Costs pressures hinder growth
RESULTS
Need To Know
- In-line result. AFFOps and DPS in-line. FY24 guidance miss due to cost pressures.
- Occupancy fell ~0.2% since 1H23. Weakening but yet to suggest a significant threat to operations.
- P/FFO Multiple remains at the top end of the AREITs. Expect the weaker growth outlook will deter share holder interest at current levels (even with a ~10% discount to NTA).
FY23 Result overview:
Funds From Operations per share (FFOps) was 16.9cps (17cps consensus) and Adjusted FFOps was 15.3cps (15.2cps consensus).
DPS 15.2cps in-line (15cps consensus).
Gearing 31.3% vs 31.7% at 1H23.
Occupancy fell 0.2% to 97.8%.
NTAps down 3.8% to A$2.55 (~10% discount to current share price).
Highlights
In-line result. Statutory net loss of ~$123.6m recorded due to movement in property values. Earnings in-line with market expectations. Underlying FFO and AFFO growth was offset by an increase in the Weighted Average Cost of Debt (WACD), holding yoy growth largely flat.
The balance sheet position is improving with gearing falling 0.4% to 31.3% and 90% of FY24 debt hedged or fixed with a 4.4% WACD. The group will continue to target the lower end of the 30-40% gearing range and a "+50% but closer to 75%" hedging rate on a rolling forward 24 month basis.
Portfolio occupancy fell ~0.3% and is now back in-line with 31 Dec 22 levels.
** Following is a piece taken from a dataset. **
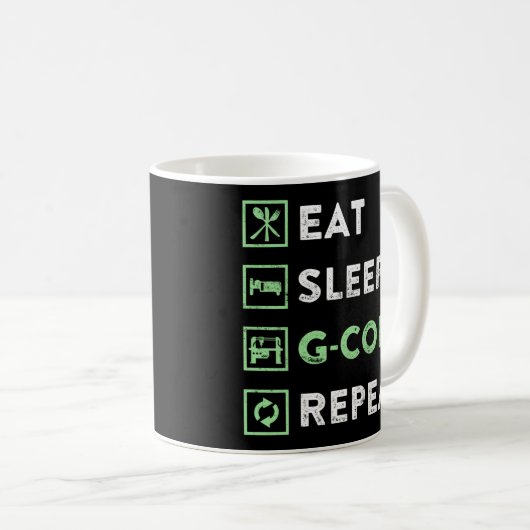 Mug CNC Machiniste Mangez le sommeil G Code Répétition (Devant droit)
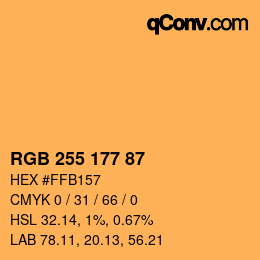 カラーコード: RGB 255 177 87 | qconv.com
Whilst it has moved backward, the magnitude is yet to suggest that this is a notable issue.
Total MAT grew by 4.5% propped up by a 7.5% increase in specialty sales (which was driven by a ~8.2% increase in sales from non-discretionary). Suggests retailer operating conditions are holding stronger than previously expected.
Figure 1: MAT segment breakdown
Investment Implications
Result suggests a weaker outlook for FY24 due to higher debt costs and expense inflation. FY24 guidance ~2-3% below consensus. (FFOps 15.6cps vs 15.9cps and AFFOps 13.7cps vs 14cps). Payout to be held at 100% of AFFOps, implies ~3-4% miss vs consensus DPS.
No change in balance sheet or growth targets. No notable news from the Metro fund (JV with GIC) although expect minimal acquisitions in the short term. We believe this may underwhelm the market.
RGN trades at the second lowest P/NTA discount (~10%) and at the second highest 12 month forward P/FFO (15x) of the AREITs. Given that guidance suggests negative earnings growth for FY24, we see greater value elsewhere in the AREIT's.
We re-affirm our Hold rating.
Figure 2: RGN's 3yr forward FFOps CAGR weakest of the AREITs with the second smallest price to book discount.
Figure 3: 12M forward P/FFO second highest of the AREITs although still remains ~1pt below 5 years average.
Stock Overview
Share Price
Company Overview
RGN is a real estate investment trust in Australia that invests in a diverse portfolio of retail centres.